‘Rocketman’ – May 31
English director Dexter Fletcher, who worked as the second director of “Bohemian Rhapsody,” focuses his next biopic on the captivating life of musician Elton John. As the film navigates John’s remarkable talent and professional success, it also takes a more somber look at the realities of his rise to stardom, such as his depression and insecurities regarding his sexuality. British actor Taron Egerton plays the music legend and even met with John in preparation for the film.
‘Toy Story 4’ – June 21
The fourth installment in the decadeslong series, “Toy Story 4” reanimates Woody, Buzz Lightyear and other toys in a film about the toys’ lives with their new owner. The movie follows Woody after he runs into Bo Peep living without an owner at an amusement park while he is looking for “Forky,” a spork-turned-toy who resents his toy existence. The cherished animated series focuses once again on the unbreakable bond between child and toy, and both longtime fans and new audiences will find something to enjoy in the fourth “Toy Story” movie.
‘Child’s Play’ – June 21
This summer’s remake of the 1988 horror film “Child’s Play” stars Aubrey Plaza and Mark Hamill. The film centers around a seemingly harmless doll named Chucky, which is gifted to a young boy by his mother. Unfortunately for the Barclay family, Chucky is sentient and embarks on a murderous rampage that will satisfy fans of the slasher subgenre. Directed by Norwegian filmmaker Lars Klevberg, the reboot keeps the original’s violence while also adapting the killer doll Chucky for the modern era. This time, Chucky can connect to his victims’ phones for additional terror.
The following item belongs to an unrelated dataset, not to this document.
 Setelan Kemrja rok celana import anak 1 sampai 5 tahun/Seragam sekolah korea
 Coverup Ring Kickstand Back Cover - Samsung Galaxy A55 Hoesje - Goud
‘Spider-Man: Far From Home’ – July 2
The Marvel Cinematic Universe does not miss a beat; in the wake of “Avengers: Endgame,” Marvel returns to the story of Peter Parker, also known as Spider-Man, who must now grapple with the consequences of the last Avengers film. “Far From Home” is a welcome sequel to the well-received “Spider-Man: Homecoming,” with Tom Holland reprising the lead role. The film sets the stage for a new era of action-filled superhero movies in which the new stars can shine now that many of the original cast members have finished telling their stories.
‘Midsommar’ – July 3
“Midsommar” is a horror film written and directed by Ari Aster, who is also responsible for the critically acclaimed film “Hereditary.” A couple seeking a peaceful getaway in Sweden, known for its vibrant celebration of midsummer — midsommar in Swedish — soon find themselves surrounded not by playful festivities but rather by dark and violent cult activity. The cult slowly reveals its true motives and threatens the couple’s vacation and their lives. The idyllic setting, filmed in Budapest, full of green rolling hills, only intensifies the horror of the chance encounter with the unexpectedly insidious cult.
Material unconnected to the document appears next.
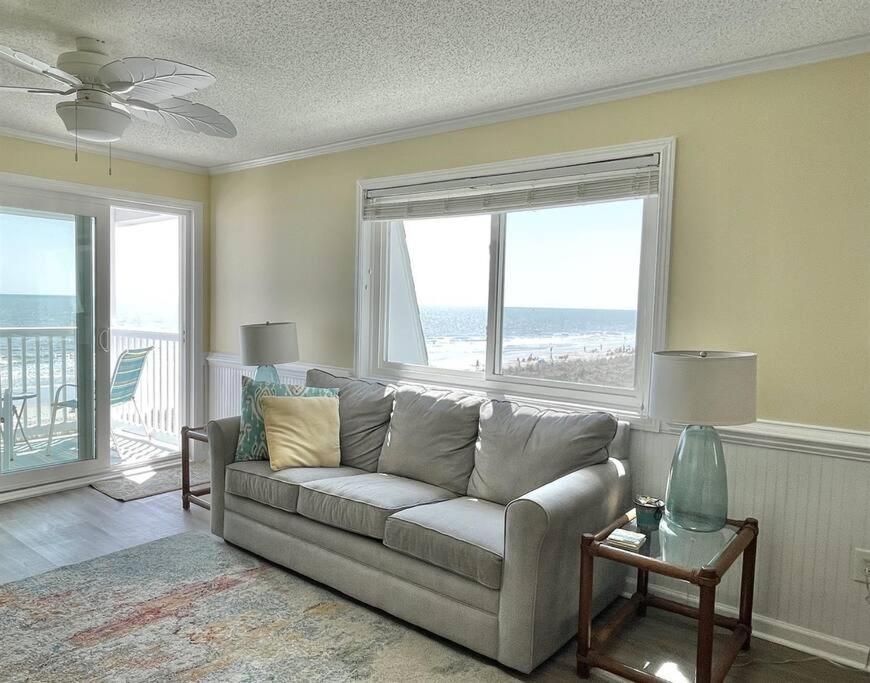 *2Br Oceanfront Retreat*King Ensuite*Pool*Nmb Cherry Grove*Pc4 Myrtle Beach Extérieur photo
‘Once Upon a Time in Hollywood’ – July 26
Quentin Tarantino’s newest film features an all-star cast including Leonardo DiCaprio, Brad Pitt and Margot Robbie. Tarantino reimagines a semi-fictitious 1969 Los Angeles in a dark comedy that explores the end of Hollywood’s Golden Age. DiCaprio plays a former television star and Pitt plays a stunt double; both characters attempt to reclaim celebrity while navigating the changing landscape of Hollywood. Robbie plays DiCaprio’s neighbor, Sharon Tate, the actress and model whose murder by Charles Manson made headlines and changed American pop culture.
‘Scary Stories to Tell in the Dark’ – August 9
“Scary Stories to Tell in the Dark” brings the children’s horror book series written by Alvin Schwartz throughout the 1980s to life on the big screen with chilling and gruesome detail. Directed by André Øvredal and written in part by horror and fantasy icon Guillermo del Toro, the film pits a group of teenagers against their deepest fears in order for them to make it out alive. With bone-chilling monsters and a growing sense of dread among the haunted teenagers, “Scary Stories to Tell in the Dark” promises to terrify.
‘Cold Case Hammarskjöld’ – August 16
“Cold Case Hammarskjöld” is a documentary about the 1961 plane crash near present-day Zambia that killed the second secretary-general of the United Nations, Dag Hammarskjöld. Suspicion that Hammarskjöld’s plane was shot down fueled the investigation conducted by Mads Brügger and Göran Björkdahl, who attempt to prove in this grim documentary film that Hammarskjöld’s death was the work of Belgian pilot Jan Van Risseghem. The documentary surfaces as the latest project from Brügger’s investigative work, with past subjects including culture in North Korea and the blood diamond industry in Africa.